17. A tub spout assembly comprising:

a tub spout including: a spout inlet configured to receive water; a spout outlet configured to deliver water from the tub spout assembly; and

a diverter assembly supported by the tub spout, the diverter assembly including: a diverter inlet configured to receive water from the spout inlet; a diverter outlet configured to deliver water to the spout outlet; a handle rotatably supported by the tub spout, the handle being rotatable between a first position and a second position relative to the tub spout; a sealing element coupled to the handle so as to rotate with the handle between the first position and the second position relative to the tub spout, in the first position the sealing element being disposed apart from the diverter outlet to permit water to flow through the spout outlet of the tub spout assembly, and in the second position the sealing element obscuring the diverter outlet to inhibit water from flowing through the spout outlet of the tub spout assembly; and a torsion spring coupled to the handle and the sealing element, the torsion spring biasing the handle and the sealing element toward the first position.

18. The tub spout assembly of claim 17, wherein the tub spout further comprises a longitudinal axis, the handle and the sealing element being rotatable about the longitudinal axis from the first position to the second position and vice versa relative to the tub spout.

19. The tub spout assembly of claim 19, wherein the diverter outlet is disposed in a plane that is substantially perpendicular to the longitudinal axis.

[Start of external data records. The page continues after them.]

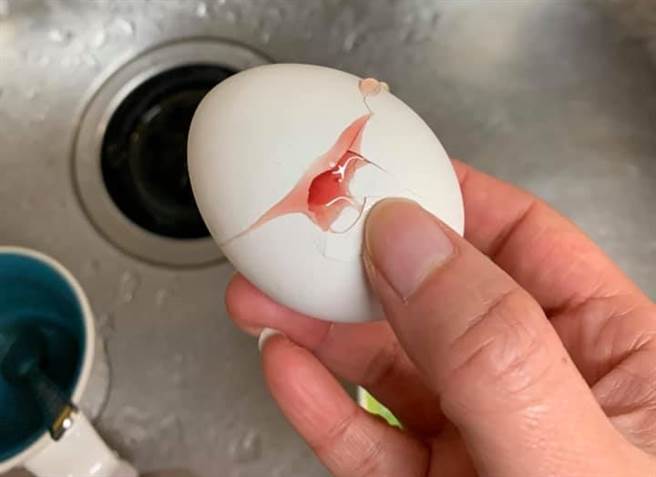 一名網友日前發現家中買的雞蛋，蛋殼打破後，蛋白竟然呈現血紅色，嚇得他直說「不會裡面有隻小雞吧」。（圖／翻攝自臉書「爆廢公社公開版」）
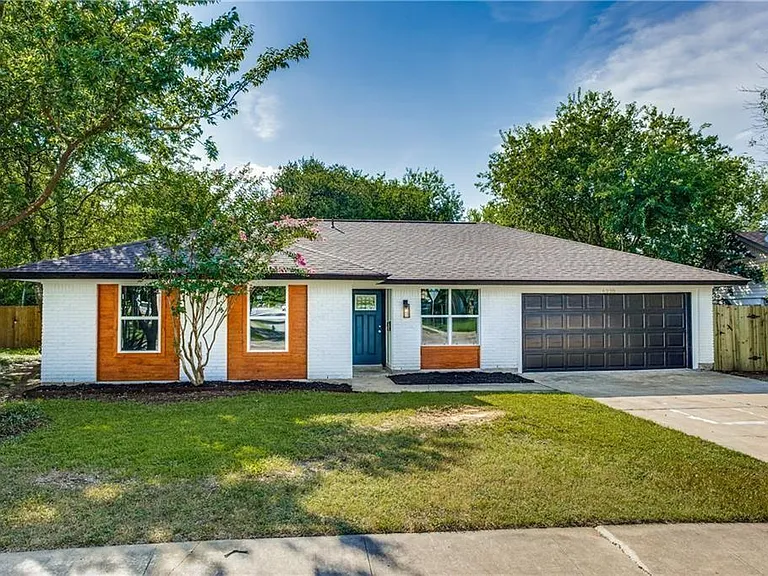 6220 Blarwood Dr — Photo 1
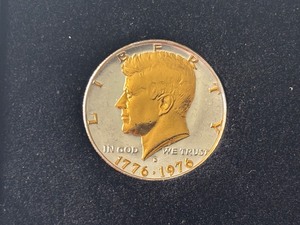 lot 46 image: 1976-D Kennedy Half Dollar Gold Layered Epoxy Coated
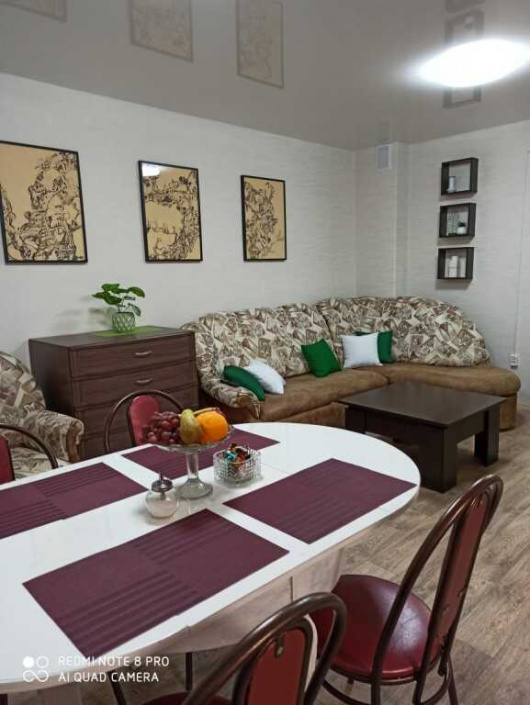 Фотографии квартиры
Апартаменты Четырехкомнатная квартира на Димитрова 4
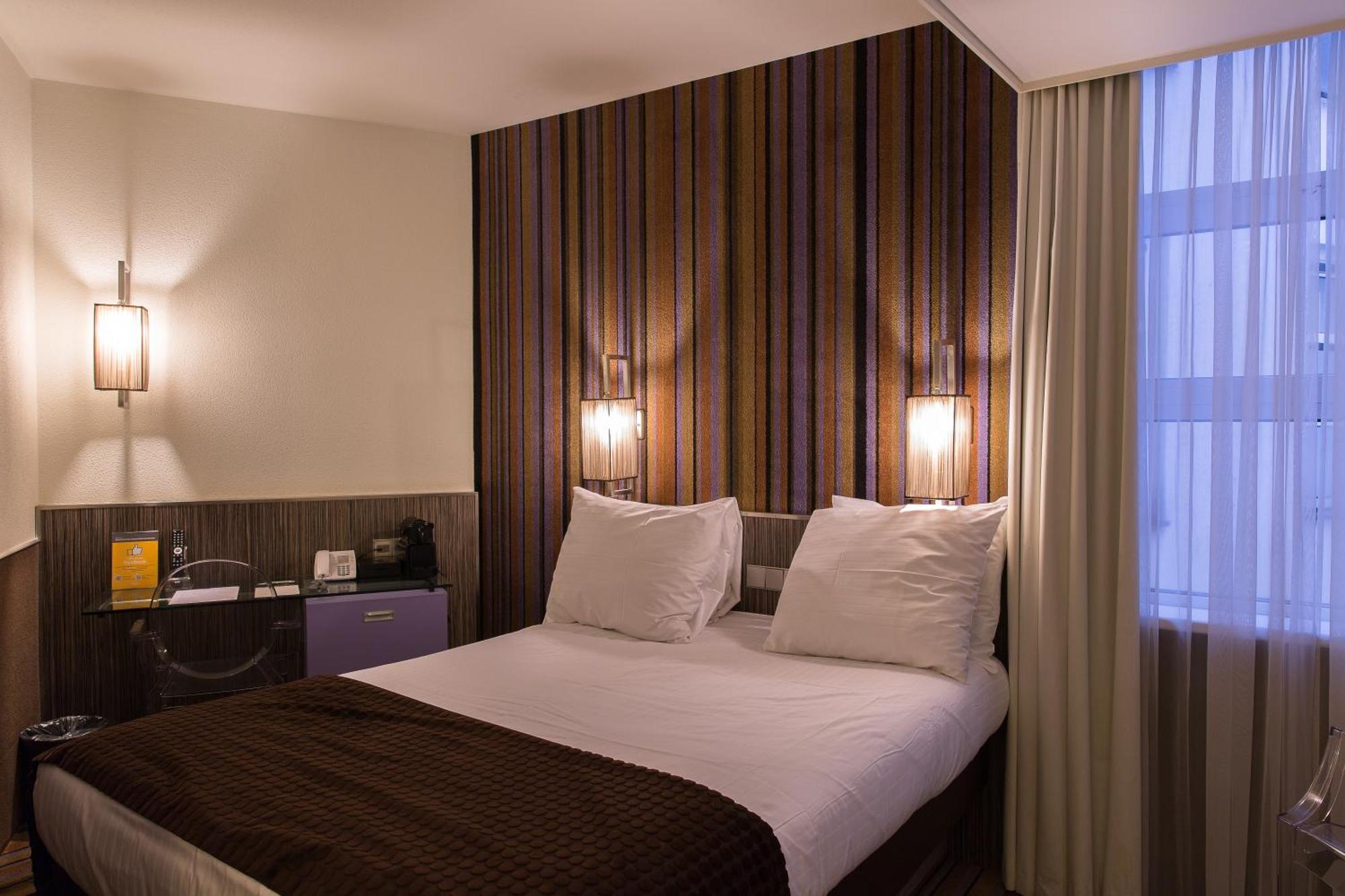 Standard Interior Room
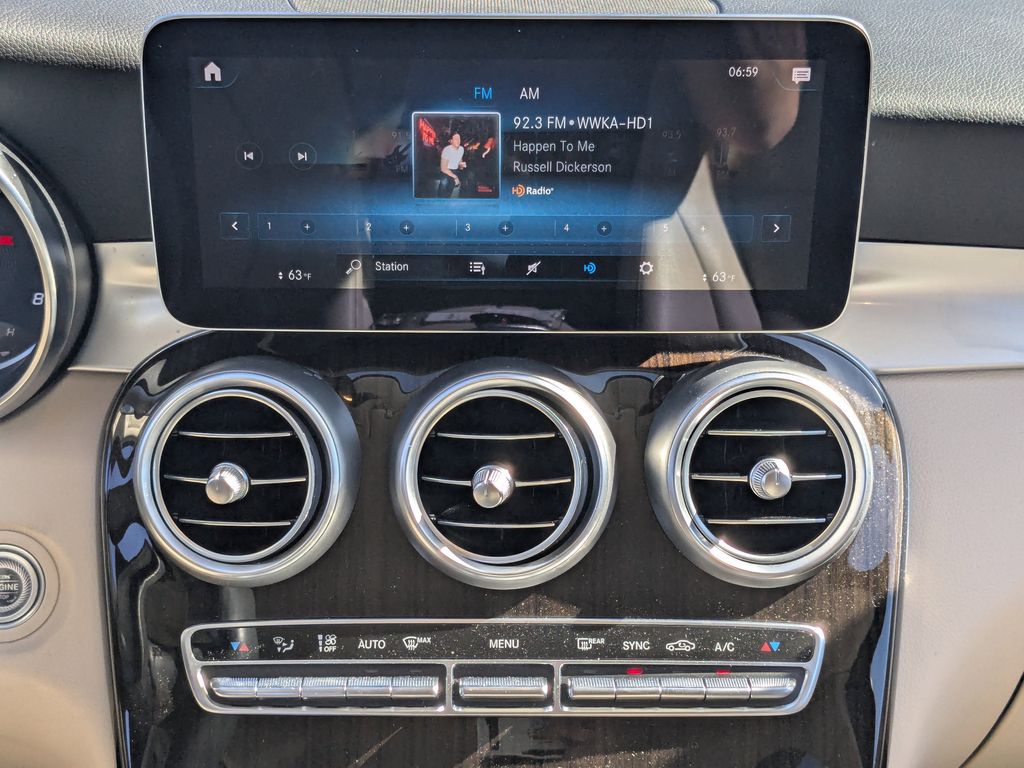 2021 Mercedes Benz GLC 4MATIC photo 4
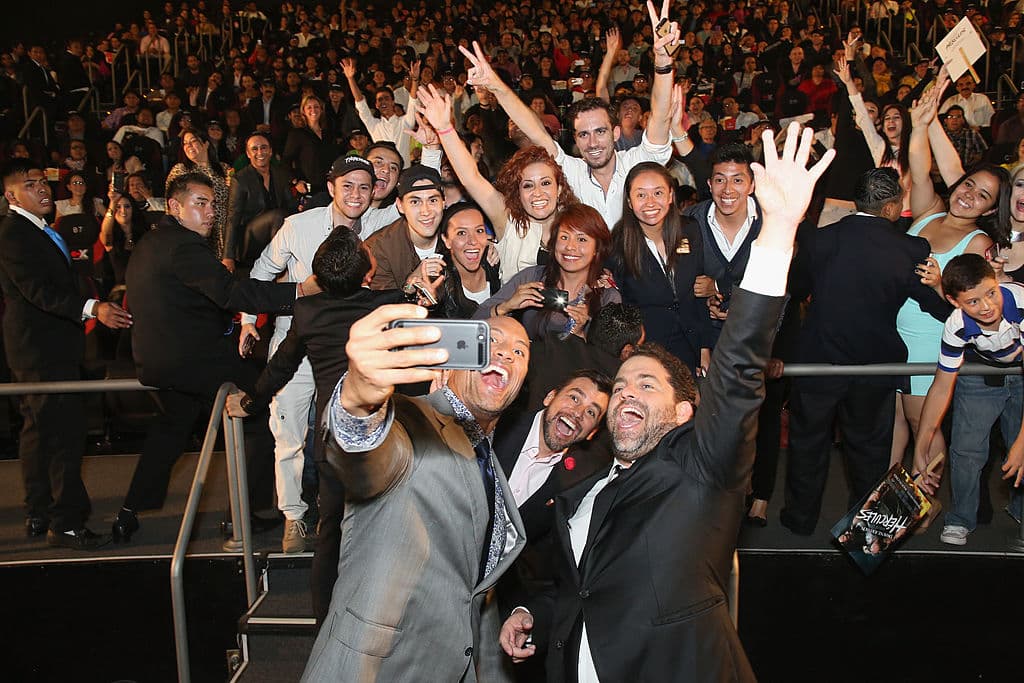 2014 - El 18 de agosto, el director Brett y Johnson vinieron al estreno latinoamericano de Paramount Pictures "HERCULES".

20. The tub spout assembly of claim 19, wherein the sealing element comprises:

a shaft coupled to the handle, the shaft extending along the longitudinal axis; and

a flap coupled to the shaft;

a gasket coupled to the flap and disposed apart from the longitudinal axis, in the first position the gasket being disposed apart from the diverter outlet to permit water to flow through the tub spout assembly and exit the tub spout assembly via the spout outlet, and in the second position the gasket obscuring the diverter outlet to inhibit water from flowing through the spout outlet of the tub spout assembly.

21. The tub spout assembly of claim 17, wherein the tub spout further comprises a spout housing that defines a partially circumferentially-extending slot extending through the spout, and the handle including a lever extending through the slot and coupled to the sealing element.